In my last post I told a story that helps me motivate myself for performances when I’m not feeling quite as energetic or inspired as usual. In this article I want to talk about that particular kind of disappointment that hits you when you look at your audience just before the show and it’s not what you expected.

Many of you will know the feeling. You look out from backstage 15 minutes before your stage time to get a feel for the crowd. When you look, that A&R guy from Sony you were assured would be there hasn’t turned up. Or that hot guy / girl you were hoping to impress isn’t there. Or your best mates have failed to escape from the local pub. Or there are only 3 people and the sound engineer in total.

In an instant, all the excitement disappears. Everything you’d imagined, all the possibilities you’d envisioned and hopes you’d fostered, dissipate. You immediately ask yourself what you’re bothering doing it for.

This disenchantment can affect the whole night. If you feel this way it’s likely to lead to a lacklustre performance and a poor night all round. That’s not going to do your confidence or your reputation any good.

If this happens, it’s because we’re letting the people who aren’t there affect our performance. And let’s face it, there’s nothing we can do about the people who aren’t there. But we can do something for the people who ARE there. We can put on a great show for them. We can give them a great night. An experience they’ll remember. Who knows what opportunities that might bring?

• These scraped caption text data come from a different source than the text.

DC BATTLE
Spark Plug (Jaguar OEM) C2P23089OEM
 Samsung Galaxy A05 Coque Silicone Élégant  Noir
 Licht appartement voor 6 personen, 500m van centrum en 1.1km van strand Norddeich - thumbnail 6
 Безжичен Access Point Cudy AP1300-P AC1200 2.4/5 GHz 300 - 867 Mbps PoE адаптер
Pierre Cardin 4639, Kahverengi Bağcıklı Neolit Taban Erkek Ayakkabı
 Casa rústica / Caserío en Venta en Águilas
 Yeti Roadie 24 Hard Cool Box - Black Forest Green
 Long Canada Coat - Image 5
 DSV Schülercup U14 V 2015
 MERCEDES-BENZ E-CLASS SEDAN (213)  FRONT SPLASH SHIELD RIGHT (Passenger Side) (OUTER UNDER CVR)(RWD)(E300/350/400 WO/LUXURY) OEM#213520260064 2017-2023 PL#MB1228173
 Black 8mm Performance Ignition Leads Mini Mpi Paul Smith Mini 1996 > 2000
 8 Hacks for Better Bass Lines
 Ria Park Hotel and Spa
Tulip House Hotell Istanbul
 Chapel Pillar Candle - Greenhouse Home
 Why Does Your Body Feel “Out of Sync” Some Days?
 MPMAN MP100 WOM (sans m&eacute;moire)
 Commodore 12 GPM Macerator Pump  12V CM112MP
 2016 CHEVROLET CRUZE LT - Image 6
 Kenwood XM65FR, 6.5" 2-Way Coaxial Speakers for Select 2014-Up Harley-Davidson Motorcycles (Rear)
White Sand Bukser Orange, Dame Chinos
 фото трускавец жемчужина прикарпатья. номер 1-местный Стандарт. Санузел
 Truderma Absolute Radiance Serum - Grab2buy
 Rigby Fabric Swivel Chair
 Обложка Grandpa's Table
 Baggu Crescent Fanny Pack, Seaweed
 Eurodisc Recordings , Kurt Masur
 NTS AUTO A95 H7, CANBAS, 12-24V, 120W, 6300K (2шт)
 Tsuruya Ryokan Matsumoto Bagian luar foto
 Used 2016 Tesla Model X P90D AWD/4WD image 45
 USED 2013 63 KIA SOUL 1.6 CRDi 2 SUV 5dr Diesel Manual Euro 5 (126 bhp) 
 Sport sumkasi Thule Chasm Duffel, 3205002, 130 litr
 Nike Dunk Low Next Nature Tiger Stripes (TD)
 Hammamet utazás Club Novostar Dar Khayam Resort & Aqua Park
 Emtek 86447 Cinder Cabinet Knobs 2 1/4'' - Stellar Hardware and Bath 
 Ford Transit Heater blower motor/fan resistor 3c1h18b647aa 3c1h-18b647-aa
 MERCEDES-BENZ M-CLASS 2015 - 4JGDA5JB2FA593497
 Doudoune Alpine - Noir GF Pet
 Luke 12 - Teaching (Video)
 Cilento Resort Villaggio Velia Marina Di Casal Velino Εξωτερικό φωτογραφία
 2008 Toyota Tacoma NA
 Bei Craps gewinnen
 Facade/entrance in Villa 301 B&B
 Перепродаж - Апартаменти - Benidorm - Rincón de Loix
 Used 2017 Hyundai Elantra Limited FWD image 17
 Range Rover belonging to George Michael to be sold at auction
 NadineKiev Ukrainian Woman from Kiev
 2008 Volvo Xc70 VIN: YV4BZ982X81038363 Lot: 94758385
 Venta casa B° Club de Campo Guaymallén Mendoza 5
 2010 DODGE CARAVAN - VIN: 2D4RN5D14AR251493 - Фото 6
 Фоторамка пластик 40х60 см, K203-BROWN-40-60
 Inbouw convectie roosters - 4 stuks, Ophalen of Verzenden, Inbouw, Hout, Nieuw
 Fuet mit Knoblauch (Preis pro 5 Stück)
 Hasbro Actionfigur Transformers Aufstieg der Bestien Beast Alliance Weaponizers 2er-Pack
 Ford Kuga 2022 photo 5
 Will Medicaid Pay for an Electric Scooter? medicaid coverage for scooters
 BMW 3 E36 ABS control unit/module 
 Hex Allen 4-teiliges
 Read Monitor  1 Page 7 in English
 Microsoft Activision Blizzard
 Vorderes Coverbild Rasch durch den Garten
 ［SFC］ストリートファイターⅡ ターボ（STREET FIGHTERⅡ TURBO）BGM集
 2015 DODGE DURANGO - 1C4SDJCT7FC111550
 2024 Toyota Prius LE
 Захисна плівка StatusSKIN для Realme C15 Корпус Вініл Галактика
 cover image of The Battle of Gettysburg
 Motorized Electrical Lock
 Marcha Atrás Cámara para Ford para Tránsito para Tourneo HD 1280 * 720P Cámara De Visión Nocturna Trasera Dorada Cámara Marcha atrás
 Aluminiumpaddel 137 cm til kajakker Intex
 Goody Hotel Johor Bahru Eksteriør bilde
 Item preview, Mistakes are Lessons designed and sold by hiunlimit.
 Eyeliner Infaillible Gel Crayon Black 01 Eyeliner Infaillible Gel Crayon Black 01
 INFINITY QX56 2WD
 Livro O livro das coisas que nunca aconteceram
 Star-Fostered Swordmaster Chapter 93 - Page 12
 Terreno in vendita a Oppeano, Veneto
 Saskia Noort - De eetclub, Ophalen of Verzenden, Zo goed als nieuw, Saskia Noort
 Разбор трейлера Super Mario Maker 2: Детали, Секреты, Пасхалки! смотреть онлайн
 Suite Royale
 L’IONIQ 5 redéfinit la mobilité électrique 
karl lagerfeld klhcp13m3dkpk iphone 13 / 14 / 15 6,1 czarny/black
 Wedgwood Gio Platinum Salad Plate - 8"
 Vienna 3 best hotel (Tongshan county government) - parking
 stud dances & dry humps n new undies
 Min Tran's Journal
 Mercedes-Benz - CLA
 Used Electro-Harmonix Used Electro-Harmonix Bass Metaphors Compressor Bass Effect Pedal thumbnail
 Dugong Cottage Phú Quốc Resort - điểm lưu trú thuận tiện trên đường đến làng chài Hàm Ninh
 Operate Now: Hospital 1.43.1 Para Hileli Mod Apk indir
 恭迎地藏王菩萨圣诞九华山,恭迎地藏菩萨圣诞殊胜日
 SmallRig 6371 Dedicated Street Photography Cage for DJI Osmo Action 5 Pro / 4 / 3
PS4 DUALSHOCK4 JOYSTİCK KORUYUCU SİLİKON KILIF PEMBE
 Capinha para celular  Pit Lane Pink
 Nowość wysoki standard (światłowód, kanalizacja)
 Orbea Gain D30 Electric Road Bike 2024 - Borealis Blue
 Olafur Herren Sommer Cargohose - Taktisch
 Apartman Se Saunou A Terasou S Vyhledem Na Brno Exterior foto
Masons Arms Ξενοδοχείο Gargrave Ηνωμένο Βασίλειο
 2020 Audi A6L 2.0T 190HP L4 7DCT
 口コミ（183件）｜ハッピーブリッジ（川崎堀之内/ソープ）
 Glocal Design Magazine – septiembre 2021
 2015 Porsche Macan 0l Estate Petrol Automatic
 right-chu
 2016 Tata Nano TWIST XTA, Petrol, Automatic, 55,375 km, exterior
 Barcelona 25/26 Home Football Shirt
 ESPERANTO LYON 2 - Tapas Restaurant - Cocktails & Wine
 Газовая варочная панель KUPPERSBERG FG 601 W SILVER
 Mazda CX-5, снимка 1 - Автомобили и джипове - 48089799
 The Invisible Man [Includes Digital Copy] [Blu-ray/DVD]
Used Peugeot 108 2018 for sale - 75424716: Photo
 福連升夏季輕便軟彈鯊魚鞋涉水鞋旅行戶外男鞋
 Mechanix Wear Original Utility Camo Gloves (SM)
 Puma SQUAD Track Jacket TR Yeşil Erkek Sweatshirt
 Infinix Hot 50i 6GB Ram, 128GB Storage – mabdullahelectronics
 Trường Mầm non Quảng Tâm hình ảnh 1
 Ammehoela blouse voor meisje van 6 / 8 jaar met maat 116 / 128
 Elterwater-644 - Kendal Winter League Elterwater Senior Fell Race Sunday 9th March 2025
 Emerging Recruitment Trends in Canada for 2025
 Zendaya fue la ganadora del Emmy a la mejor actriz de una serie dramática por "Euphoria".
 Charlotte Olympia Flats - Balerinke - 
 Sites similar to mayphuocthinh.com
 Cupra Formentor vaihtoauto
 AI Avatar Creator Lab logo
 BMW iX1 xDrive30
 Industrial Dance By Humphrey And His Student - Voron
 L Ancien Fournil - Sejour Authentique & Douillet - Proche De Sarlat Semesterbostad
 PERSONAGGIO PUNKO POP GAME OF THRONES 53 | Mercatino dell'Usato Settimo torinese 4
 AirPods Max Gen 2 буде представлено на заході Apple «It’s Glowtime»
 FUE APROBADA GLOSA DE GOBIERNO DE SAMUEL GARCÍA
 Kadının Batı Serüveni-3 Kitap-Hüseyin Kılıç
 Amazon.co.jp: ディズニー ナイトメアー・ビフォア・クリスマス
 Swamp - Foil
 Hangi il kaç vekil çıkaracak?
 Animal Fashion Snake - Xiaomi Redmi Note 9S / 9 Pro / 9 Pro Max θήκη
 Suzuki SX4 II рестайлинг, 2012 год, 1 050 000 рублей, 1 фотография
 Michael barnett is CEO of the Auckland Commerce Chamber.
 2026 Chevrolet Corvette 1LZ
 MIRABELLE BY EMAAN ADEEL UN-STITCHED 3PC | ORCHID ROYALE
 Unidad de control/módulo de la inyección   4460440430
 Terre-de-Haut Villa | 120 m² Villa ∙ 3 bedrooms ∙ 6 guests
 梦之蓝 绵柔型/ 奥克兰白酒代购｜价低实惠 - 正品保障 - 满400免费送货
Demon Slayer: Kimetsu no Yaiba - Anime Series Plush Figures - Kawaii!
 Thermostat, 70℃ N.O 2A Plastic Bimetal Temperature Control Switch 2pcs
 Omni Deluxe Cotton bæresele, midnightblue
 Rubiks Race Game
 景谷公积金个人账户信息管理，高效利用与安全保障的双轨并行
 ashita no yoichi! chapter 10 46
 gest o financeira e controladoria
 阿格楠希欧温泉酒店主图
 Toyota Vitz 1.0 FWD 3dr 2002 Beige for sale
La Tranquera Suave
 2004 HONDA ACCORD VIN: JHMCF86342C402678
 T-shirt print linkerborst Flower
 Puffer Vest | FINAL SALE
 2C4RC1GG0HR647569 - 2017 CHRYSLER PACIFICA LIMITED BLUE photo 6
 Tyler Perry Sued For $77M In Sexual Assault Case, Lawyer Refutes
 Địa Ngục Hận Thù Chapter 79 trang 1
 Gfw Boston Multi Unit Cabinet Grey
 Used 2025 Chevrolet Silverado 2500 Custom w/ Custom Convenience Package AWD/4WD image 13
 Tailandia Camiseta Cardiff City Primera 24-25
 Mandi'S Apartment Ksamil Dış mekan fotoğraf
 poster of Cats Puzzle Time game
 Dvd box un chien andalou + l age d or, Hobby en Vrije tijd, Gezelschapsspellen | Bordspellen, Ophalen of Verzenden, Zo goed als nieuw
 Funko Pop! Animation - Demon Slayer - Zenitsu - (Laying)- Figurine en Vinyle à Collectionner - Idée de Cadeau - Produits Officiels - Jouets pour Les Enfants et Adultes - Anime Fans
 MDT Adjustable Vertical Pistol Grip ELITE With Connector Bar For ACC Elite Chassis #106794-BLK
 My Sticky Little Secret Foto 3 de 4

If you let your disappointment result in a bad performance, you’re playing for the people who aren’t there. It’s infinitely better to say to yourself “To hell with the people who aren’t here, I’m going to play for the people who ARE”. They’ve bothered to turn up. They’ve made the effort. They’ve spent time and money getting to your show. Play for them. They’re the ones who are supporting you. They’re the existing fanbase without whom you’d be nothing, or the potential fans who will tell others about the great gig they saw. If you can’t get a grip and give them the performance they deserve, what are you in this for?

I’m not saying you shouldn’t feel down. That’s natural. But you should be able to look at the people in the crowd, even if it’s only a handful of them, and say “I’m going to give you the performance of your lives. I’m going to make you glad that you were the ones who bothered to turn up. I’m going to play for the people who ARE there”.